İnsanların çiçeklerden, çiçeklerin insanlardan bir nedenle ayrılıp gitmesi, sılaya düşmesi acı olur. Belli bir dönem ayrılık olsa da o özlemle kavrulur dururlar, asker yolunu gözler gibi heyecanlı bir bekleyişin kurbanı olurlar. Sayılı günler gelip geçince, yeni bir baharla hasret bitince çiçeklerin açışı bir başka olur. Yanaklarında tebessüm goncası açar, yeniden dirilişi kendine has diliyle hatırlatırlar. Toprağın bağrından zarif edasıyla başını çıkarır, etrafı merakla süzer, tanımaya çalışırlar bu yeni alemi. Kendilerine hoyratça basıp geçen değil, öpüp koklayan, bağrına basan “sevgi kahramanlarını” iştiyakla beklerler. Onları esas üzen ilgisizlik, sevgisizlik ve umursamazlıktır.

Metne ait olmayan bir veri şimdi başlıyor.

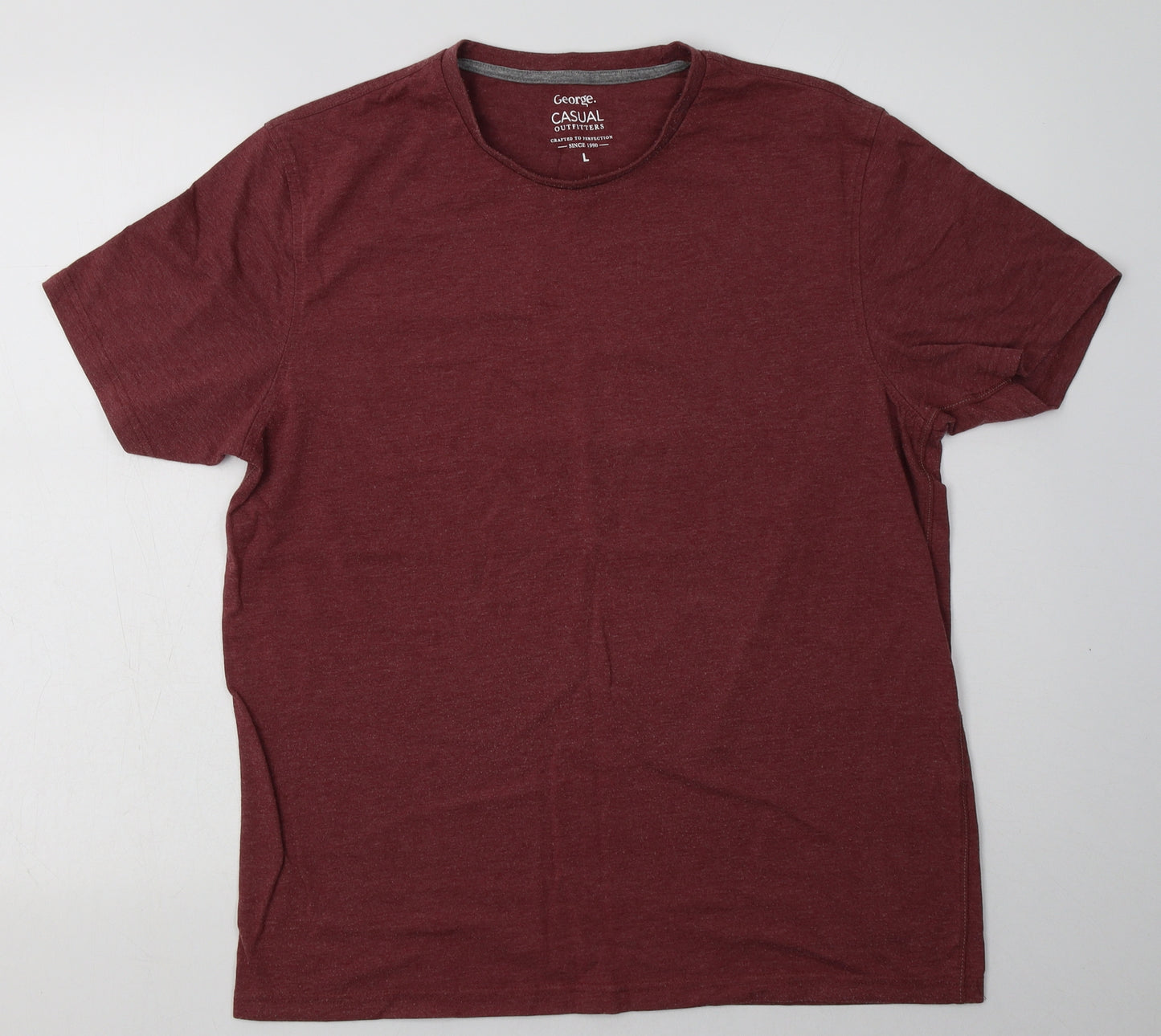 George Mens Red  Cotton  T-Shirt Size L Crew Neck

Benim derdim çiçekler içinde bir çiçekten yana. Tüm çiçekler yazın baharda açarken kardelen kışın karda açar. İsmi de zaten ondan gelir. Siz, hiç karın buzun kalktığı yerlerde bin bir zorlukla mücadele ederek varlığını cihana duyurmaya çalışan kardelenlere rastladınız mı? Dünyanın çok farklı iklim ve coğrafyasında yetişen kardelenleri, onların bahçıvanlarını duydunuz mu? Onları içtenlikle alkışlayıp merhaba dediniz mi? Yoksa onların sadece tablolardaki resimlerini mi gördünüz? Bir kardeleni büyütmenin, yetiştirmenin hiç çilesini çektiniz mi? Ya da onların boy atıp büyümesinden zevk aldınız, hoşlandınız mı?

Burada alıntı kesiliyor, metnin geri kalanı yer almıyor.